Administration’s Title IX excuse challenged after cuts

Administrators say cuts made in part due to Title IX, a claim disputed by some.

Questions have been raised over the legitimacy of Temple’s excuse that Title IX was a reason for the university’s decision to eliminate seven Division I sports last month, while prompting greater scrutiny over enforcement of the gender-equity law passed in 1972.

President Theobald has twice mentioned Title IX specifically while making public comments explaining the cuts. During his president’s report at a Board of Trustees meeting four days after the cuts were announced, Theobald said the student-athletes of the affected sports are “casualties” of the university’s “overreach in trying to operate an athletic program beyond its facilities and resources, which caused us to be out of compliance with Federal law,” referencing Title IX specifically.

Title IX compliance was the first issue Theobald mentioned in an op-ed published in the Inquirer on Dec. 21 outlining the problems he saw with Temple’s athletic department upon his arrival at the university in January 2013.

However, some say a desire to be compliant with Title IX isn’t a legitimate excuse for cutting sports. Critics of the sports cuts say Temple could have simply reduced participation in men’s sports or added a women’s sport if it wanted to balance out Title IX numbers, while athletic administrators insist that Temple is bound by a roster management plan enacted after the university was re-certified by the NCAA in 2007.

The elimination of the women’s rowing team in particular has raised questions. The sport is well known to have blossomed at the end of the 20th century because many universities with large Division I football rosters added such programs for the specific purpose of balancing out Title IX numbers.

Temple added its women’s rowing team in 1986, a related move to that year’s decision to eliminate eight varsity sports. The Owls had 62 student-athletes on its roster last year, ranking behind only combined track & field in participation numbers among women’s sports, according to athletic data.

The U.S. Department of Education’s Office for Civil Rights, which oversees Title IX enforcement, discourages the elimination of sports because “it diminishes opportunities for all students interested in participating in athletics, and so is contrary to the spirit of Title IX,” according to a statement released by an OCR spokesman.

Theobald denied an interview request for this article. In a phone interview last week, Senior Associate Athletic Director Kristen Foley said the desire to be compliant with Title IX wasn’t the “sole reason” for the cuts.

“You have to put it into perspective and keep [Title IX] in consideration with any decision you make in the athletic department,” Foley said.
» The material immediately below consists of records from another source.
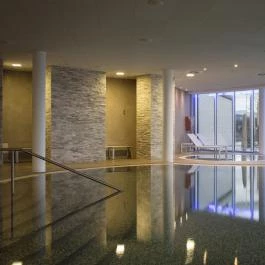 Mjus Resort & Thermal Park Körmend - 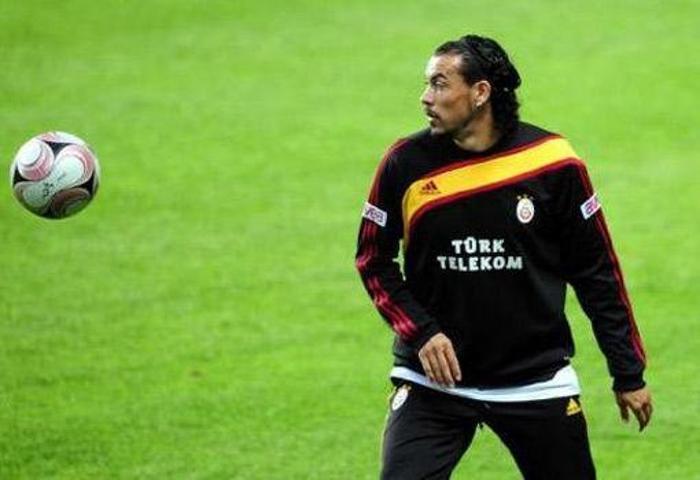 SERVET ÇETİN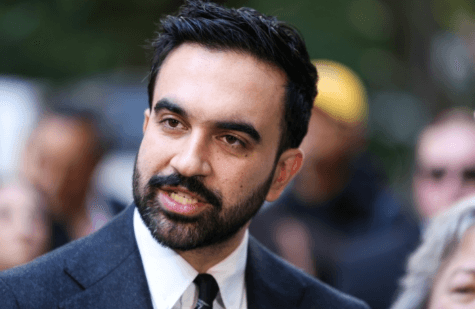 Zohran Mamdani élu maire de New York City !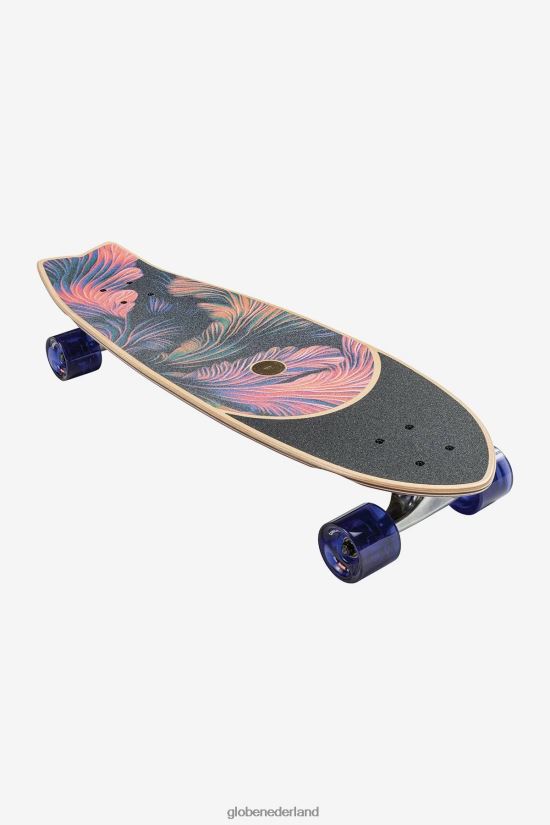 Globe Brand koraal eenheid suncity 30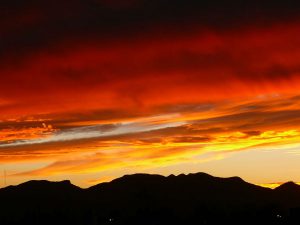 Cerro del Muerto, diversión y ecoturismo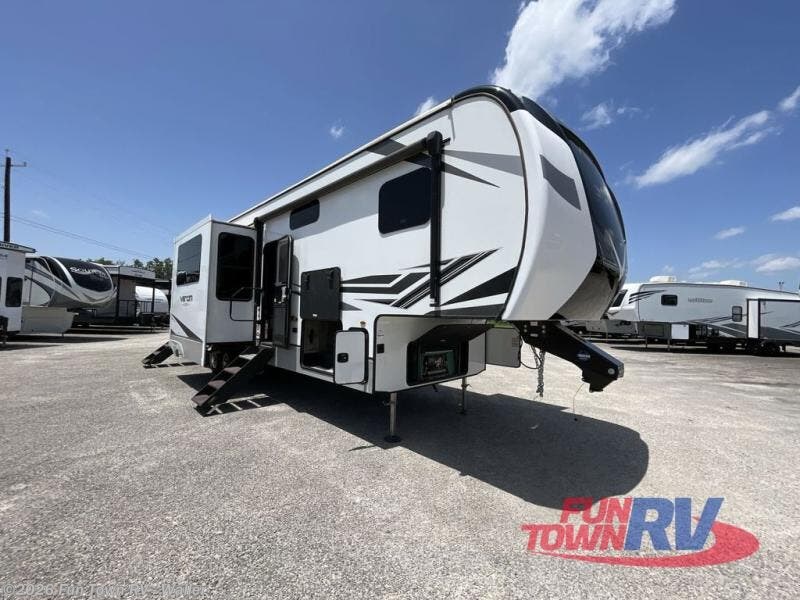 Used 2023 K-Z Venom V-Series V3313TK available in Waller, Texas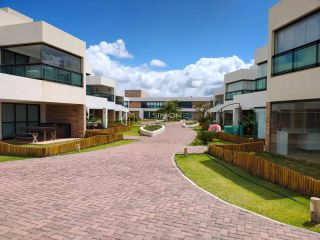 Village Para Vender 3/4 e 2 suítes Itacimirim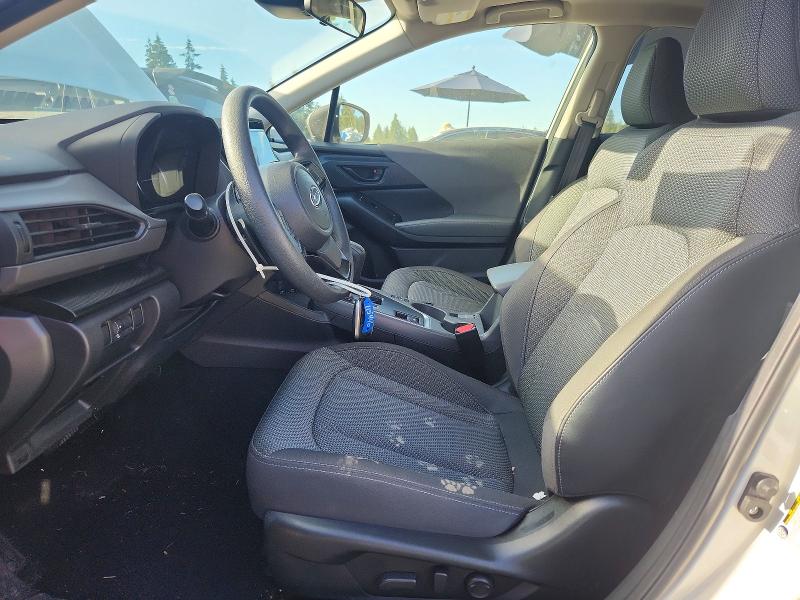 57861136 :رقم المزاد ، JF2GUADCXRH360762 vin ، 2024 Subaru Crosstrek مزاد بيع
Title IX requires that the proportion of male/female participation in athletics should closely resemble the gender ratio in the university’s undergraduate enrollment, while the percentage of athletic financial aid given to men and women should line up with participation numbers.

According to the most recent data, Temple has a ratio of 51 percent female to 49 percent male in its undergraduate population, while 52 percent of its student-athletes are men. Last year, Temple gave 58 percent of its athletic student aid to men.

Foley said the university has a roster management plan in place to ensure the athletic numbers line up. It was enacted as part of an overall gender-equity plan after the NCAA re-certified the university in 2007.

Foley insists that the sports cuts will move Temple’s Title IX numbers toward being compliant, but declined to talk specifics.

Still, despite whatever overtures Temple makes toward being Title IX compliant in the future, it’s unclear what, if any, penalties the university would have faced for its non-compliance.

Scores of Division I schools across the country are Title IX non-compliant. In Temple’s conference alone, the American Athletic Conference, half of the schools don’t pass the participation to aid numbers test.

Since Title IX was passed in 1972, the OCR has never denied federal funding to an institution for being non-compliant. If the OCR finds a compliance violation through an investigation, it is more likely to enter a “voluntary resolution agreement” with the university with a plan to come into compliance, according to a statement.

“It’s not necessarily we didn’t meet proportionality this year, so the OCR is going to come in and ding you,” Foley said.